No, you won’t be seeing the celebrities who add sparkle to Fashion Week in Paris. But organizers of the Chanel Fall-Winter 2006 ready-to-wear show at the Renaissance Hotel Sept. 7 are promising many of the same elements seen by Sting and Simon Le Bon at the Grand Palais last March, including a 95-foot catwalk and top models from New York, Chicago and Los Angeles. Produced by Saks Fifth Avenue, the show benefits the education programs of the Rock and Roll Hall of Fame and Museum.
Dixie Lee Davis, director of the Fifth Avenue Club at Saks Fifth Avenue’s Beachwood Place store, says the opportunity to experience an authentic runway show — an affair generally staged in the world’s fashion meccas for the press, retail buyers and top clients — is indeed a rarity.
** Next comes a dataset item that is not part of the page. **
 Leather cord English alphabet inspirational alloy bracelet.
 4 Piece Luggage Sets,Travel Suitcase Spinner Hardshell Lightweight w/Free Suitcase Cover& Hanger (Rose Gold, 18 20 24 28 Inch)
Local fashionistas can expect to see a range of day and evening ensembles, primarily in black with touches of white, cream and soft pink. Joseph Boitano, senior vice president and general merchandise manager for Saks, notes head designer Karl Lagerfeld’s experimentation with proportions — long jackets and even longer, ankle-skimming chiffon blouses over short skirts, for example — and separates-driven evening wear. “You can wear [the collection] in a very traditional way, or you can wear it in a more avant-garde, hip way, depending on how you put it together,” he says. Accessories include over-the-knee boots in white snakeskin, an oversized bag and black-satin ribbons tied in long hair. Together, they lend what Chanel executive director of public relations Gretchen Gunlocke Fenton calls “a ’60s girlishness” to the show.